Your elevator speech must also be tailored to the times and the markets. During secular bull markets, the emphasis should be placed first on growth and return; during secular bear markets, the emphasis might shift to risk management, capital preservation, or even to specialized services such as retirement income planning or goal-based financial management.
You wouldn’t think of not letting your general sales and marketing materials go stale, so why wouldn’t you tweak your elevator speech when conditions warrant?
In my experience, the “greatest generation” asked two primary questions about those with whom they were considering doing business:
- Do I like her (or him)?
- Do I trust him (or her)?
As baby boomers become more and more of the target audience for financial services, an additional question is now being asked:
- Does s/he know what /he is doing?
In our current information rich environment, general platitudes about performance and service will increasingly be insufficient for the savvy prospect (and, since the savvy prospect is more likely to have substantial assets to manage, the savvy prospect should be a primary target).
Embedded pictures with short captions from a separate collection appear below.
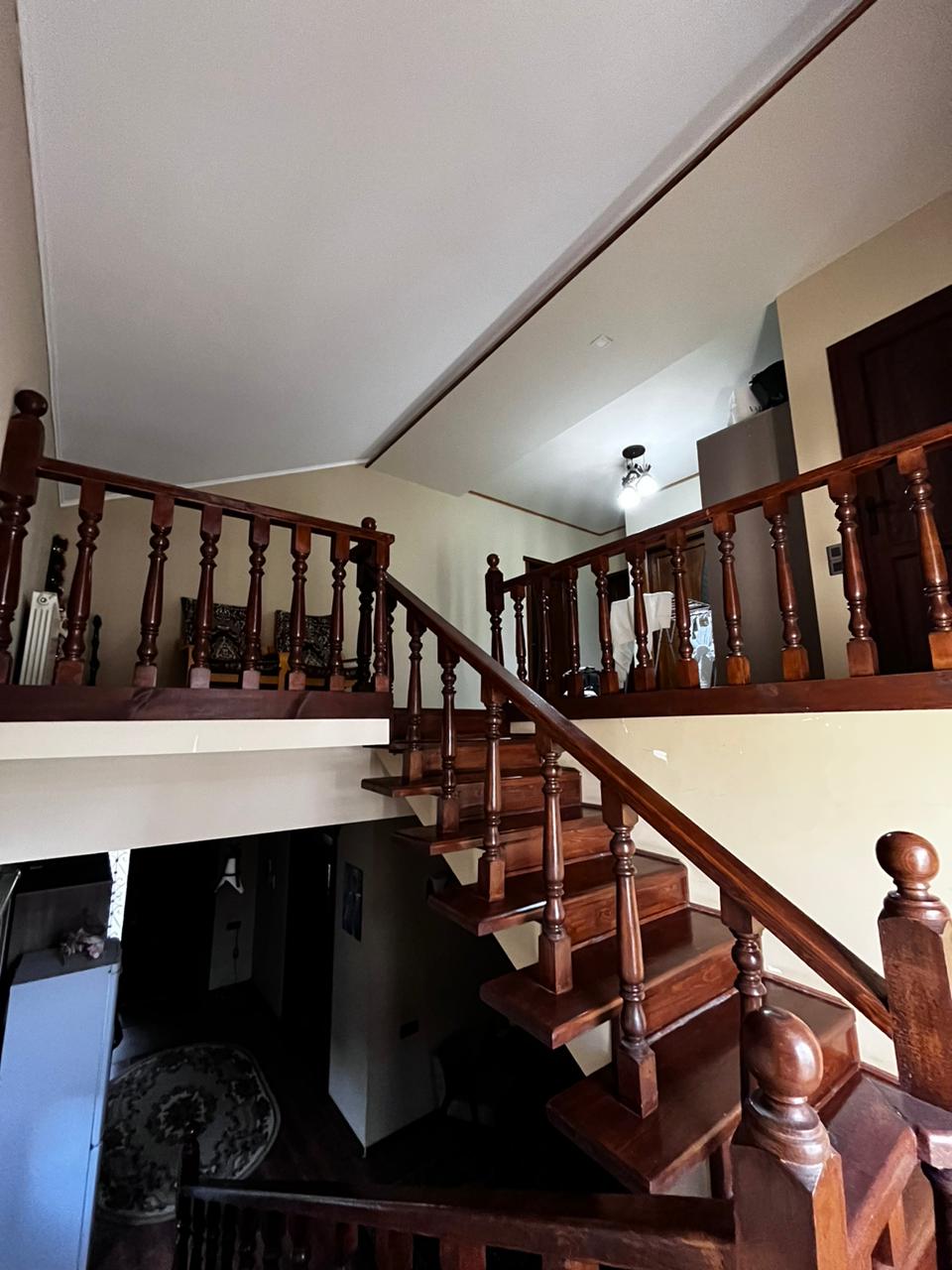 Satış: 4 otaqlı Ev / villa, 250 m², Xəzər rayonu — Ev, villa, Bakı (10)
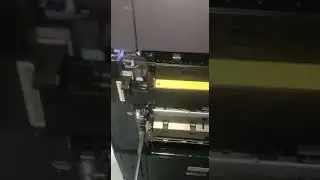 NEW Machine Kyocera Taskalfa 4500i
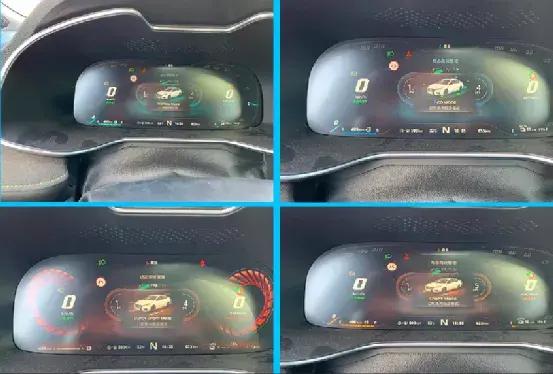 国产m系强势登场名爵mg6xpower,试驾体验全新一代上汽名爵6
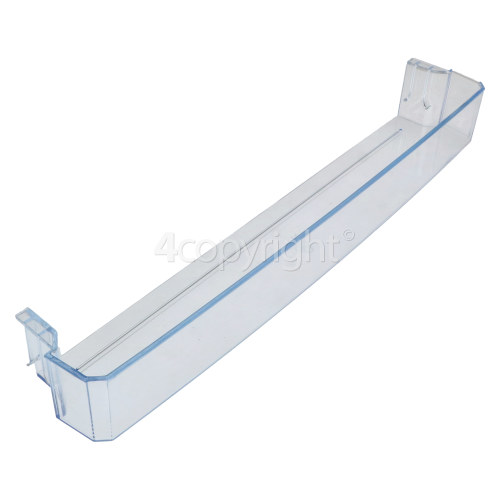 Upper Door Shelf 55 X 430 X 78 Mm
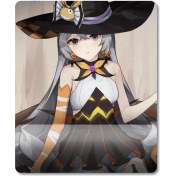 Resim Pixxa Honkai Impact Bilek Destekli Mousepad Model - 2 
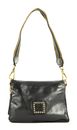 CAMPOMAGGI Crossbody Bag Nero CAMPOMAGGI Crossbody Bag Nero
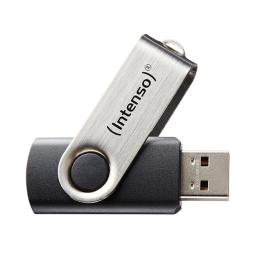 Intenso 3503490 Lápiz USB 2.0 Basic 64GB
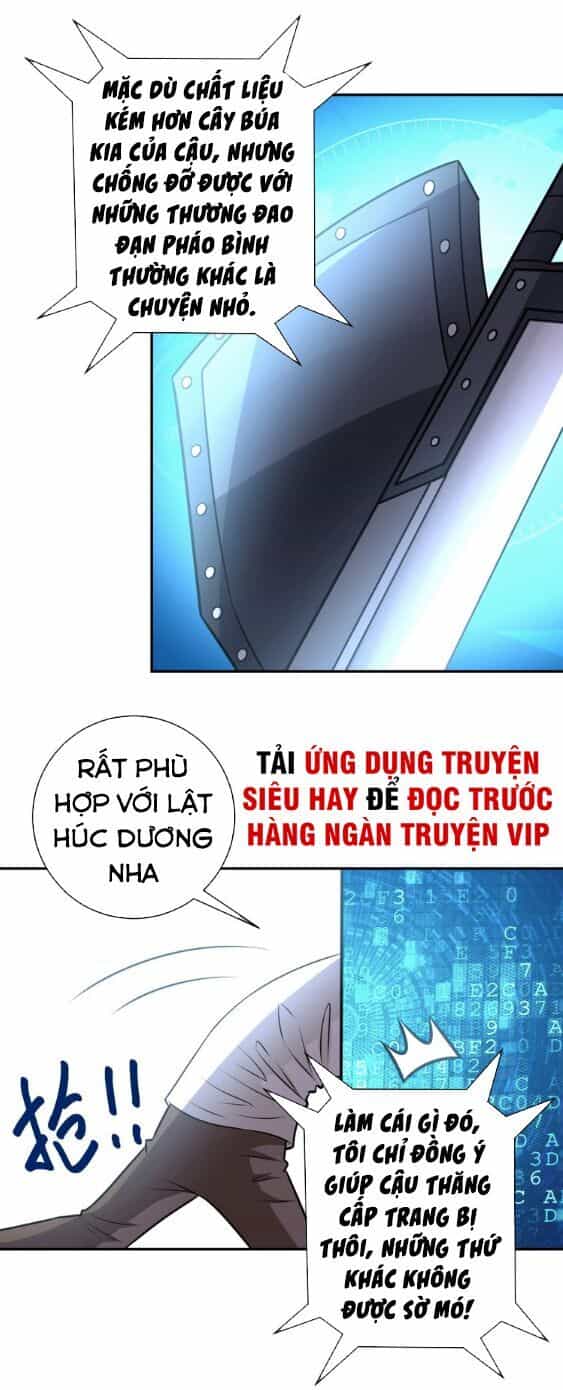 Mạt Thế Siêu Cấp Hệ Thống - Chương 54 - ảnh 15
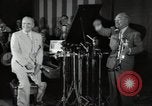 Image American Federation of Musicians Convention United States USA, 1954, de la seconde 57 séquences d'archives historiques vidéo 65675024237
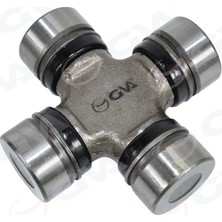 GVA Depomix Mafsal Istrozu Mitsubishi Canter 2.8l FE511. FE711 3.3l FE444 86-95 L200 2.5l Di-D Cr KA4T KB4T 1 1- Ön-Arka Ölçü: Içten Segmanli Boy:58.1 x Kafa Çapi:30
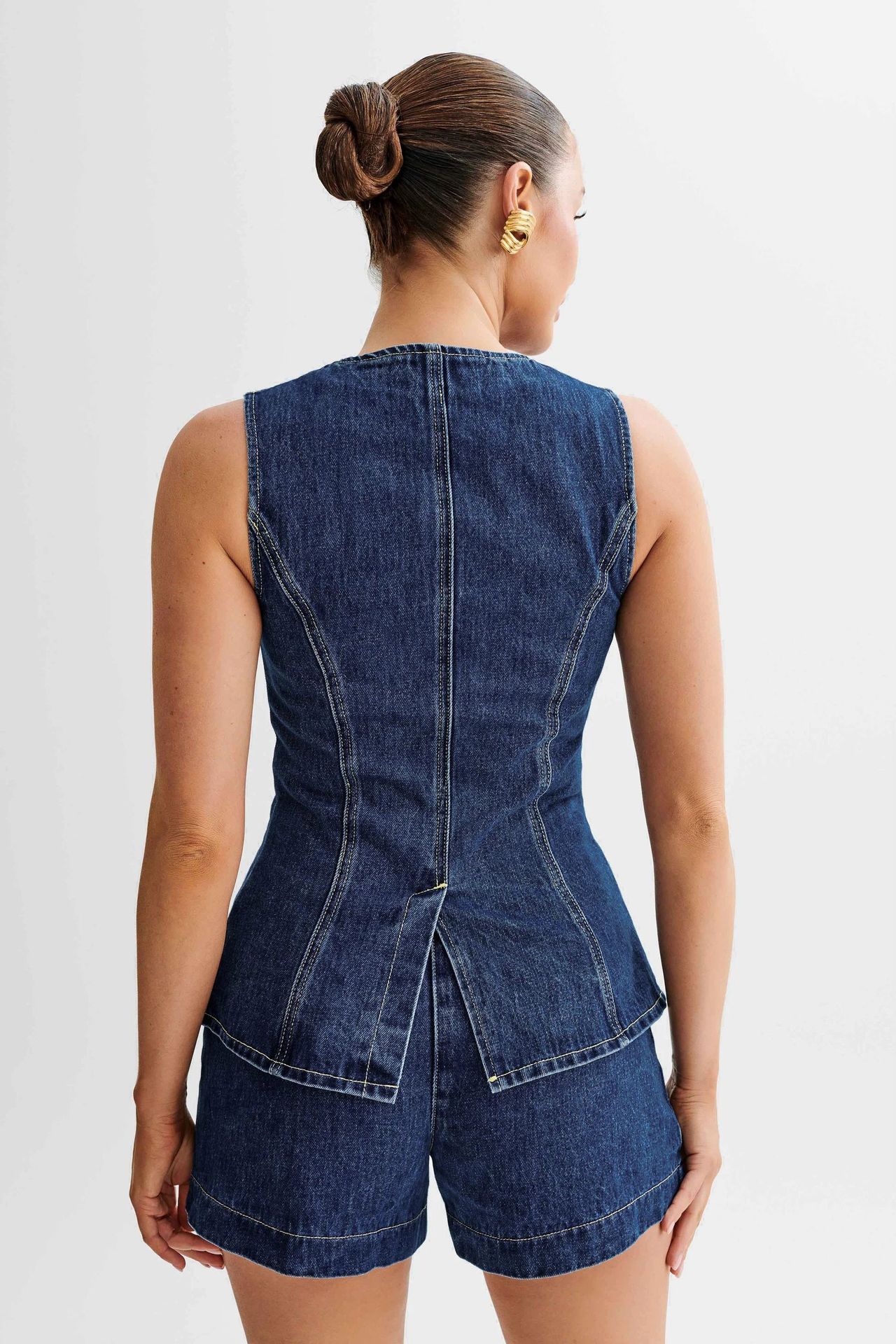 Denise | Ensemble Denim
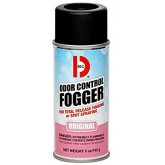 Big D 341 Odor Control Fogger - 5 Ounce, Original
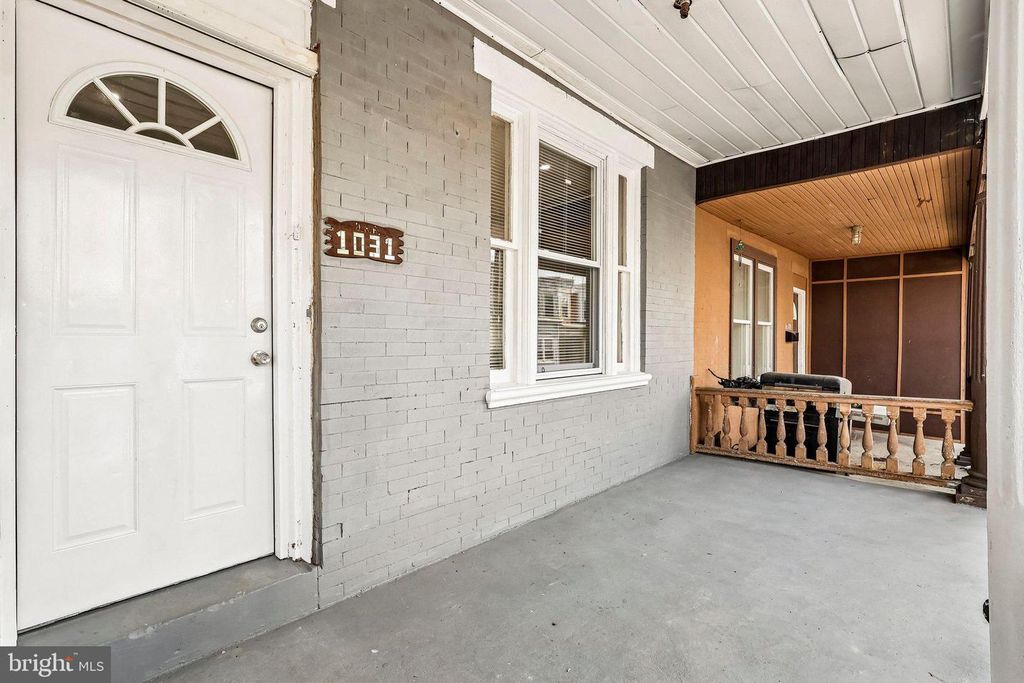 1031 S ITHAN ST, PHILADELPHIA, PA 19143 — photo 3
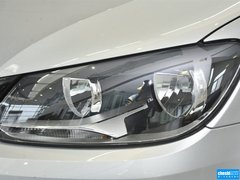 2015款 1.4TSI 自动 舒适版 5座
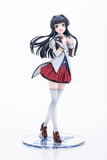 The IDOLM@STER Million Live! Shizuka Mogami The Animation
The internet being what it is (for good and for ill), it is unreasonable to expect general claims about how good you are to go unchallenged. With markets today being especially difficult and volatile, those challenges are likely to be more pronounced. Making money in this environment is tough; acquiring money to manage is tough too.
As pointed out by The Wall Street Journal yesterday, few money managers outperform over a significant length of time.
Over the past 15 years, only 42% of large-cap stock funds have beaten the S&P 500 (according to Morningstar and not accounting for survivorship bias). Moreover, persistence is a problem too. Just 12% of the large-cap funds that landed in the top 25% during 2001-2006 period also landed in the top 25% over the subsequent five years, according to S&P. And over the five years ended September 30, 2011, only 6% of all U.S. stock funds held onto a top-half ranking for five straight 12-month periods.
That should mean that your elevator speech must be crafted to deal with what the savvy prospect may know about how tough our job is. Because if we’re going to be paid, we need to be prepared to earn our money. That requires that we have a ready explanation for how we are different from the norm — in terms of performance, risk management and service (both the kind that is responsive, communicative and helpful and the kind that helps clients stick to a good plan when animal spirits attack).
Does your elevator speech include such elements? I doubt it. But it should.